TOKYO (AFP) ― Japan said three Chinese surveillance ships entered its territorial waters off disputed East China Sea islands on Sunday, hours after one of Beijing’s fisheries patrol boats sailed into the zone.
The three marine surveillance ships entered the 12-nautical-mile territorial zone off Uotsuri, one of the Senkaku islands, shortly before 1 p.m., the Japan Coast Guard said in a statement.
The incident came hours after Japan said a Chinese fisheries patrol boat briefly entered the territorial waters off another disputed island on Sunday morning.
Beijing claims the Japanese-controlled islands in the East China Sea, which it calls the Diaoyus.
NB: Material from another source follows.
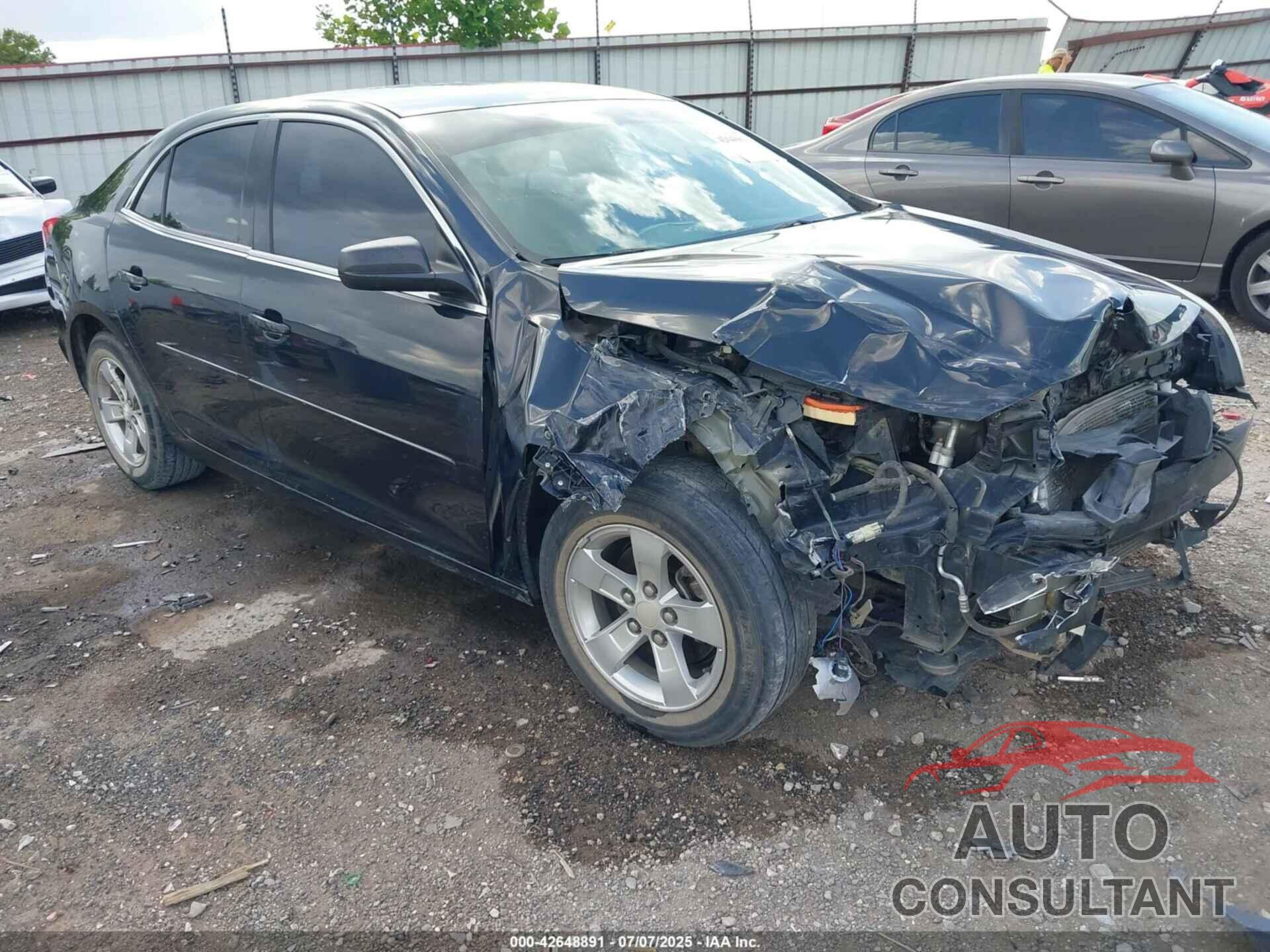 CHEVROLET MALIBU 2013 - 1G11B5SA1DF324376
The incidents were the latest in a series since Tokyo nationalized three islands in the chain in September, in what it said was just an administrative change of ownership.
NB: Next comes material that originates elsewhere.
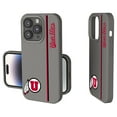 thumbnail image 1 of Keyscaper Utah Utes  iPhone Soft Touch Case, 1 of 1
The same Chinese fisheries patrol ship briefly entered the territorial zone on Saturday, as Japan’s leader vowed he would not tolerate Beijing’s incursions into the area.
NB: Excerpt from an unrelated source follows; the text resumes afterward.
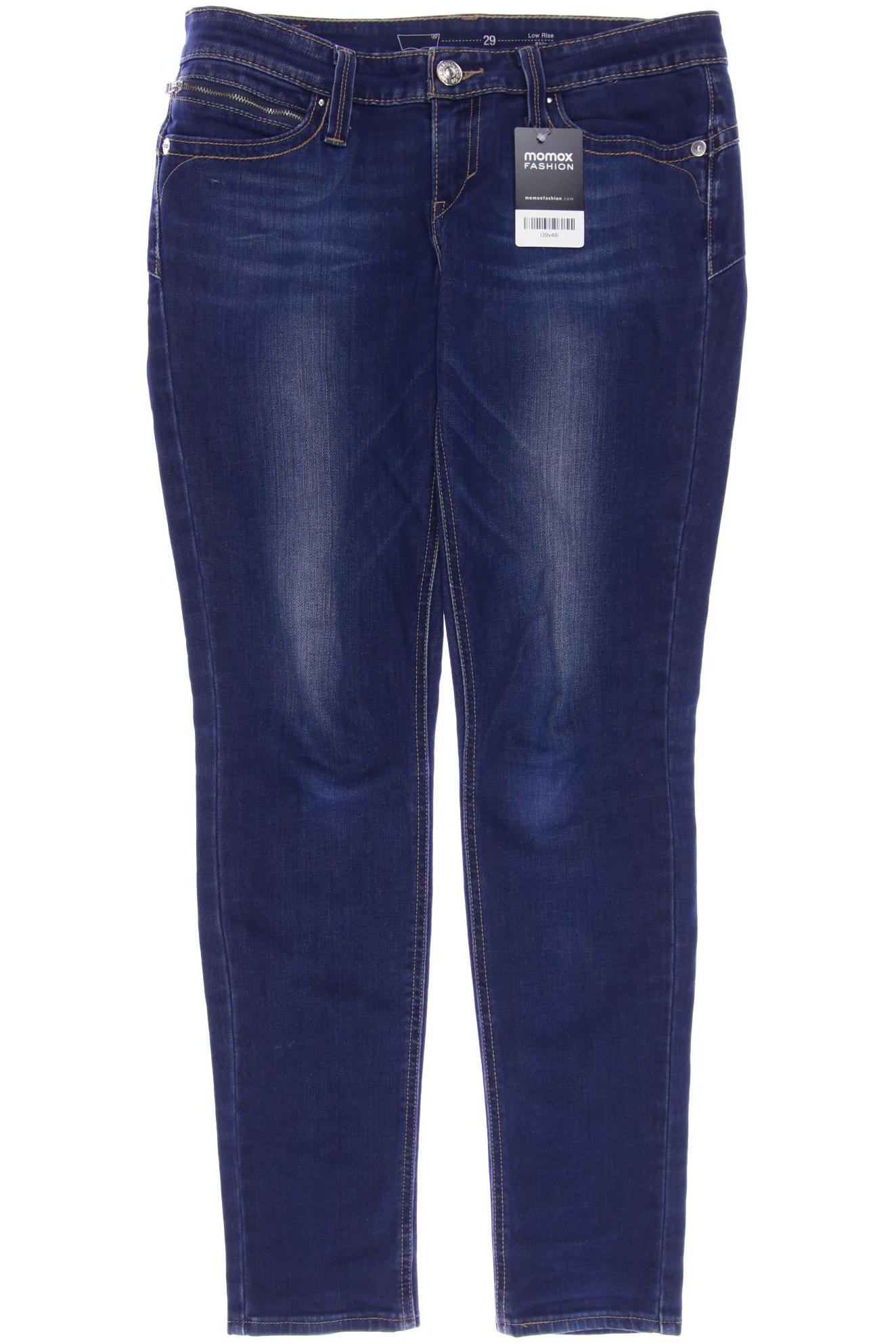 

Levis Damen Jeans, marineblau, Gr. 29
Prime Minister Shinzo Abe, who was on his first visit to the United States since he took office in late December, said Japan “simply cannot tolerate any challenge now and in the future” to its control of the islands.
“No nation should make any miscalculation or underestimate the firmness of our resolve,” Abe said Friday in Washington.
But speaking after White House talks with President Barack Obama, Abe also cautioned that “I have absolutely no intention to climb up the escalation ladder.”